Find the line holding "সঞ্জয় চৌধুরীর নতুন সংযোজন ‘মা’" in the entries below. Give it again exactly, along with every line after it up to and including the line holding "Alphabet's strategic $80".

---------- DATASET ENTRIES

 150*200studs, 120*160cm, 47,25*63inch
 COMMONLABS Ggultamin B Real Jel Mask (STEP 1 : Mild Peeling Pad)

--------------------
---------- DATASET ENTRIES

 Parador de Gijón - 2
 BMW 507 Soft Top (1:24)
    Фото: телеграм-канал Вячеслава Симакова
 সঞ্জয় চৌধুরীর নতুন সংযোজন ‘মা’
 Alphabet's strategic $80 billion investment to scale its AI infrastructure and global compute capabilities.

--------------------
---------- DATASET ENTRIES

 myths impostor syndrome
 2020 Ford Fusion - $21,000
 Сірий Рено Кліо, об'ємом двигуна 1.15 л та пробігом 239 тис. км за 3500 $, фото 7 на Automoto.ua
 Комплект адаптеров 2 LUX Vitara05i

--------------------

## ANSWER TO THIS TASK:
 সঞ্জয় চৌধুরীর নতুন সংযোজন ‘মা’
 Alphabet's strategic $80 billion investment to scale its AI infrastructure and global compute capabilities.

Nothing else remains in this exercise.